Torres Cabrera abandonó su asiento detrás del escritorio y se aproximó al balcón. Era mediodía y tenía echada la pesada estera de esparto que les cerraba el paso a la luz excesiva y al calor.
—Así que el sobrino de Martin Bauer —afirmó.
—Sí, señor delegado. Esta mañana salieron los dos, a eso de las nueve —informó el hombre del traje barato y el sombrero flexible—. Él llevaba una bolsa de mano muy maja y ella iba con un sombrero de esos grandes, pamela me parece que se llama, en plan elegante.
—¿Sabes adónde fueron?
—No he de saber —se ufanó el policía—. Con cuidado que no me vieran tiré detrás de ellos con la moto y me dejaron atrás en la carretera de la Sierra norte.
—La carretera de la Sierra, ¿eh? ¿Tienes idea de adónde podían ir?
—Ni idea, pero tengo para mí que podían ir a La Cartuja.
—¿La Cartuja? —se extrañó Torres Cabrera—. ¿Y qué se les ha perdido allí?
—¿No se acuerda usted de que el tío del muchacho tiene allí un coto de caza?
—Sí, sí que me acuerdo —asintió Torres Cabrera—. Bien, vete otra vez a vigilar por si regresa hoy, y si ves que no, a eso de las doce de la noche lo dejas y me das el parte en Las Siete Puertas o en La Sacristía.
—¡A sus órdenes, señor delegado!
Iba a retirarse cuando Torres Cabrera dijo:
—¡Paco!
—¡A sus órdenes, señor delegado! Se cuadró el policía desde la puerta.
—¡Buen trabajo! Sonrió el tal Paco.
El detallado informe del primer día y los informes parciales de los días siguientes llegaron puntualmente a Gibraltar vía Manzanilla y desde allí al escritorio de Yagoda en el edificio Rossia de Moscú.
La plana mayor del NKVD estaba encantada con la espía española.
—Cuando todo haya pasado, la propondremos para una condecoración —prometió Serebryanski, que nunca había confiado demasiado en su propio plan.

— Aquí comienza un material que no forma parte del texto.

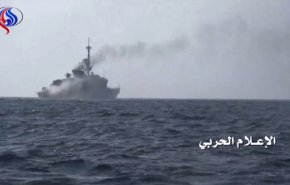 شاهد؛ استهداف بارجة وتهديد بإطلاق صواريخ علی الدول المعتدية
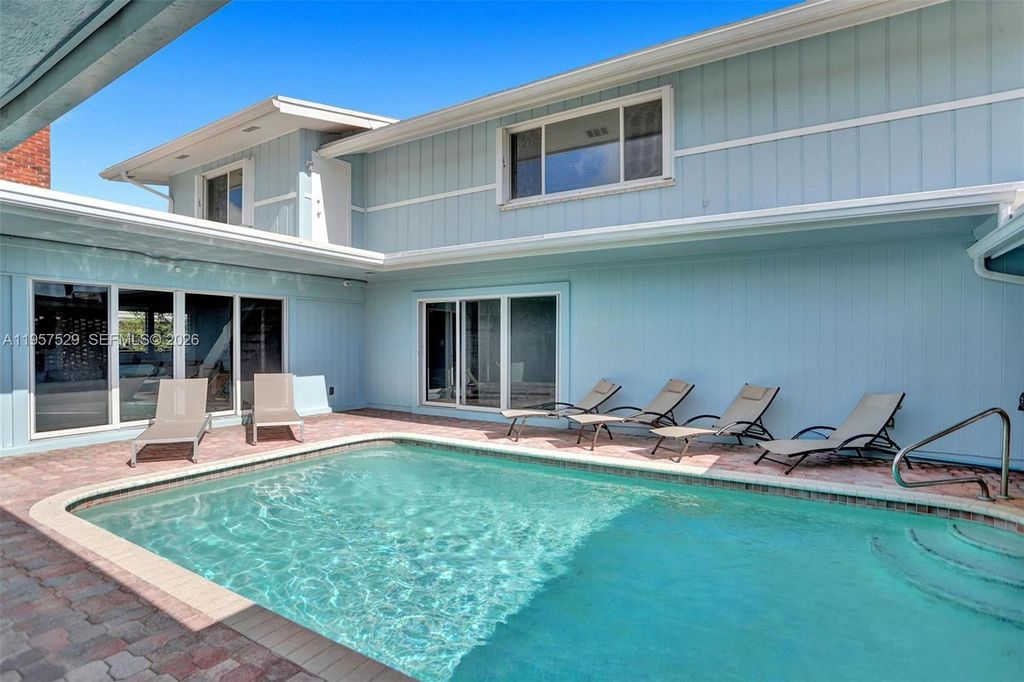 1341 SE 7th Ave, Pompano Beach, FL 33060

A principios de noviembre, tras un mes de idilio, Carmen pudo volar, por fin, en el avión secreto. Al regresar de una misión sobre el Estrecho, durante la cual atacaron a un navío republicano, el capitán Hartmann sufrió una avería en la bomba de aceite y se vio obligado a tomar tierra en Jerez, mientras Rudolf continuaba en solitario hasta La Cartuja. Allí recibió la llamada de Hartmann.
—Se me ha fundido medio motor y tengo avería para rato. Intentarán componerlo en dos días, así que no me esperes antes. Ya sé lo que vas a hacer. Mis saludos a la señorita.
Rudolf llamaba a Carmen señorita. Le parecía que en la sonoridad de esa palabra se encerraba todo el hechizo y el misterio de las mujeres del sur: señorita.
Rudolf reservó la sorpresa para después de la cena. Entonces la besó en el cuello y en los labios y le musitó al oído:
—Volaremos mañana. Tráete tu traje de vuelo.
Carmen fingió que la noticia la colmaba de felicidad. En realidad nunca había volado y, cuanto más sabía de aviones, menos segura estaba de que le gustara volar.